__Activity__. Among the entries below, which lines run from the line with "Silly Goose Nurse Christmas Shirt" through the line with "4 Pcs 9-Hole"? Retype those, both ends included, exactly and without pictures.

__The input__.
=== Begin Enclosure ===

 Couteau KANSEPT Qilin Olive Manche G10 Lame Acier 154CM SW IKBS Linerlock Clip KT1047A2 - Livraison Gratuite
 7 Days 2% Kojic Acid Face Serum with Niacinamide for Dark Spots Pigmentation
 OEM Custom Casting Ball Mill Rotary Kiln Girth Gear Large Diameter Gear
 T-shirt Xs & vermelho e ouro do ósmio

=== End Enclosure ===
=== Begin Enclosure ===

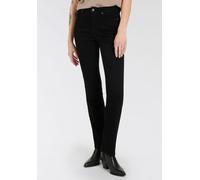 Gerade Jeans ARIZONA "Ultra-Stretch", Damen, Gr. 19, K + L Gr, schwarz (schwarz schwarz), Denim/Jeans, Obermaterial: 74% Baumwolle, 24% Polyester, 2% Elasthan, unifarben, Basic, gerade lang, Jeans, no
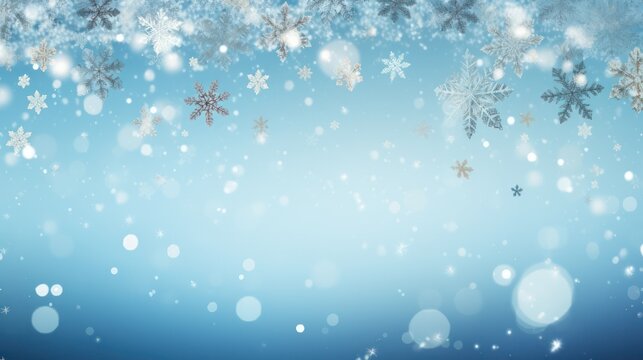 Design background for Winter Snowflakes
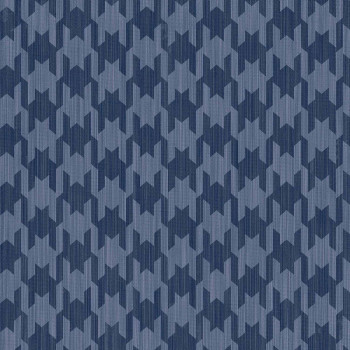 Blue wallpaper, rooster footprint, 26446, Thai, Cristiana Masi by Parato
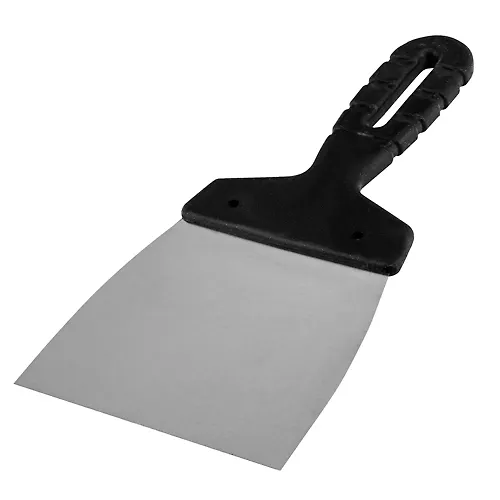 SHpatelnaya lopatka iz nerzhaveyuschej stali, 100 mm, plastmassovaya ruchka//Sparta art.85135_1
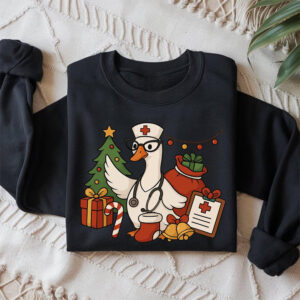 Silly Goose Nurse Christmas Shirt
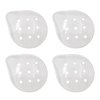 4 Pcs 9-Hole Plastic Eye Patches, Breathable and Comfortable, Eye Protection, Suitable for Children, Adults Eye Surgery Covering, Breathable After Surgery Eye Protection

=== End Enclosure ===

__Finished task__.
 Silly Goose Nurse Christmas Shirt
 4 Pcs 9-Hole Plastic Eye Patches, Breathable and Comfortable, Eye Protection, Suitable for Children, Adults Eye Surgery Covering, Breathable After Surgery Eye Protection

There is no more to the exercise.